Phosphorus and nitrogen

Protecting the Baltic Sea requires actions both on land and sea areas. Reducing nutrient load into the Baltic Sea is partly a political issue at national and international levels in the countries of the catchment area. However, every one of us can make a difference with our own choices. The load of nutrients entering aquatic ecosystems can be limited, for example, by changing our consumer behaviour, treating wastewater properly, and improving agricultural methods.
  • Do you use non-phosphate detergents?
  • Is your waste management and recycling in order? Do you have a compost?
  • Is it necessary to use fertilizers in your garden?
  • Would you be able to eat less meat and prefer locally produced food?
  • Are your wastewaters treated properly?

Our choices as consumers

Most of the things that every one of us can do to reduce the nutrient load into the Baltic Sea are linked with our choices as consumers. Because food production, i.e. agriculture, causes nutrient inputs into the water, it is not meaningless what we eat. Producing meat is more polluting than producing vegetarian food, so we should diminish our meat consumption. By choosing locally produced food, we can reduce the airborne nutrient emissions originating from transportation. Furthermore, it is very important to reduce food waste.

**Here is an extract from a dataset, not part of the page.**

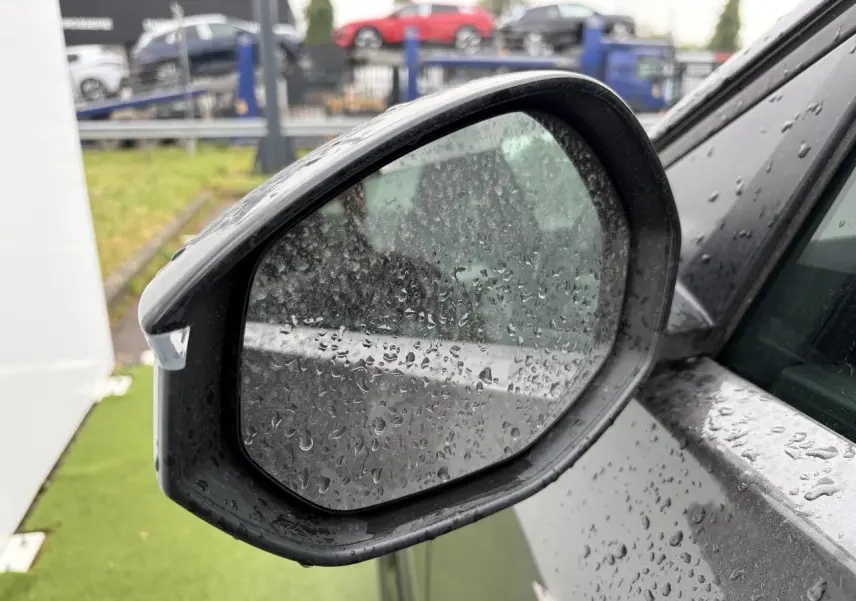 Rétroviseur extérieur côté gauche d'une Citroën C5 Aircross platinium avec toit noir, vue rapprochée sous la pluie.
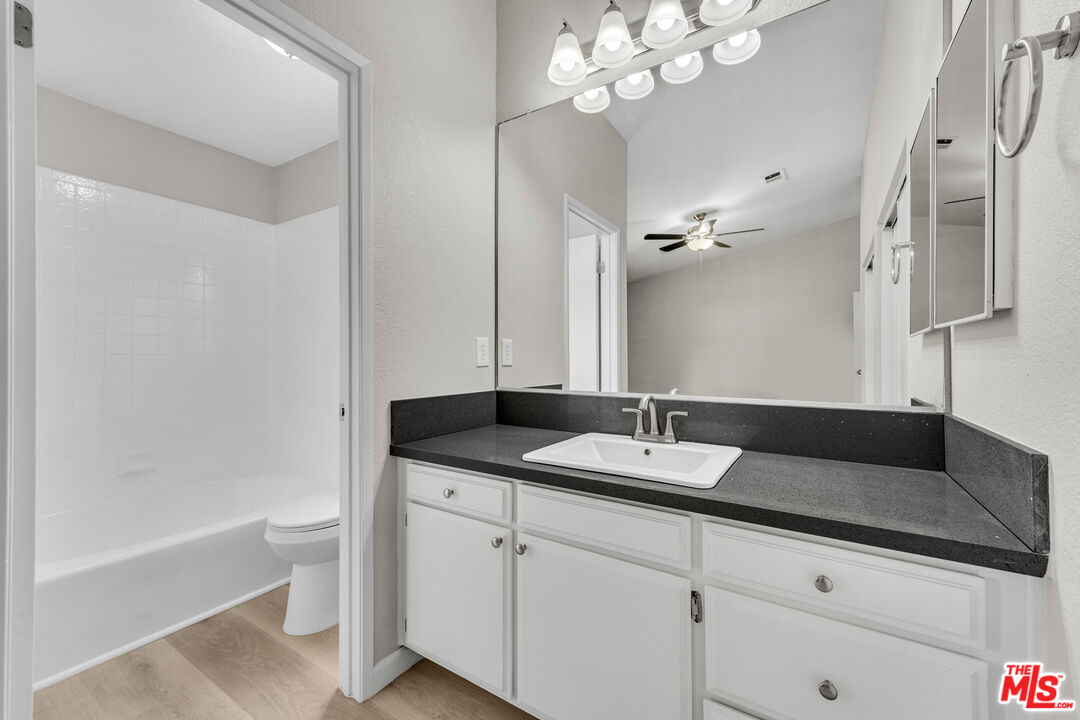 716 East E Avenue Lancaster, CA 93535 - Photo 11 of 17 a bathroom with a granite countertop sink a toilet and bathtub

One important thing in reducing input of nutrients into the Baltic Sea is to make sure that our wastewaters are treated properly. Especially the wastewater treatment systems of households in dispersed settlements are usually not efficient enough when it comes to nutrient removal.

© TUAS, Water Engineering


Reducing nutrient load from agriculture into the Baltic Sea needs improved cultivation and fertilization technologies to be developed and introduced in practice. The first target is to retain the nutrients in the fields. If the nutrients are leached from the fields into the water systems, their discharge into the sea must be prevented. For example, wetlands and different kind of filters capture nutrients and slow down their discharge. This is why we have to protect the remaining wetlands around the catchment area. Additionally, nutrient load can be reduced by recycling nutrients. See more of this in the section “Best practices”.


In conclusion, by choosing environmentally friendly and local products, and by using the best available technologies in agriculture and wastewater treatment, all of us can reduce the amount of nutrients in the Baltic Sea. By doing so, we can slow down the eutrophication process, which is the most significant problem of the Baltic Sea.